* [What you will do] Reproduce the listing that follows word for word, without its pictures.

[Dataset extract — start]

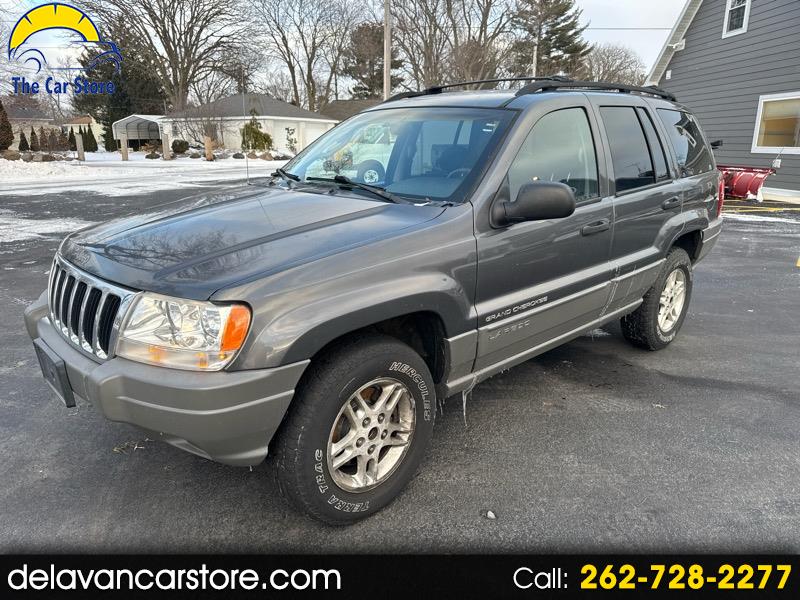 2002 Jeep Grand Cherokee Laredo 4WD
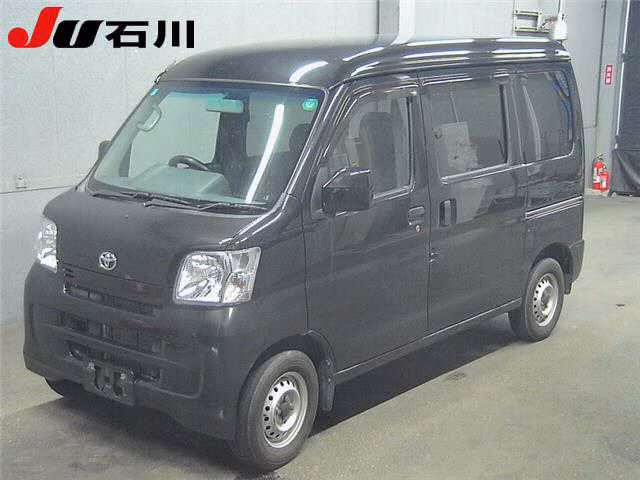 TOYOTA PIXIS VAN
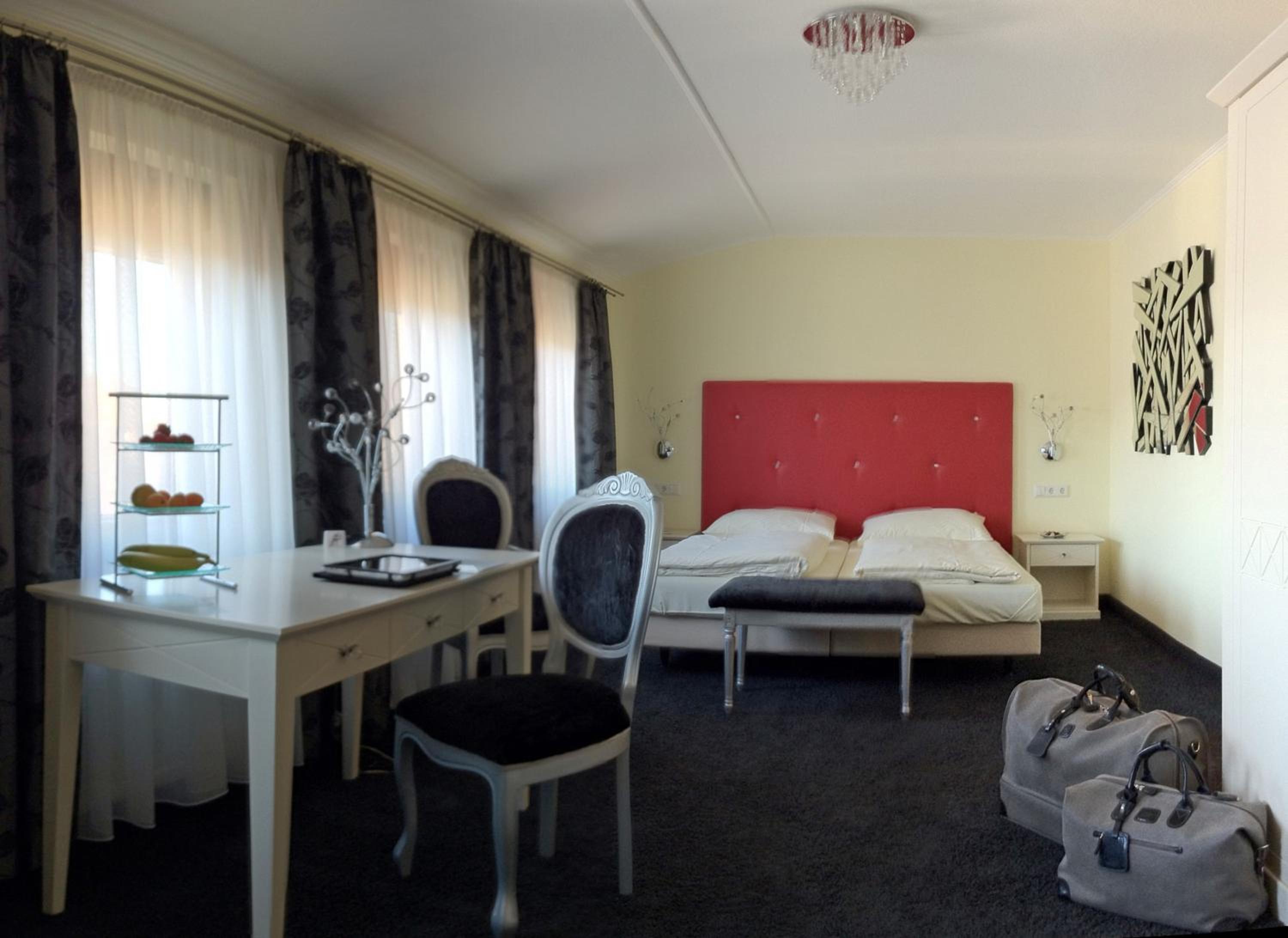 First Class Double Room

[Dataset extract — finish]

* [Solution for this exercise]
 2002 Jeep Grand Cherokee Laredo 4WD
 TOYOTA PIXIS VAN
 First Class Double Room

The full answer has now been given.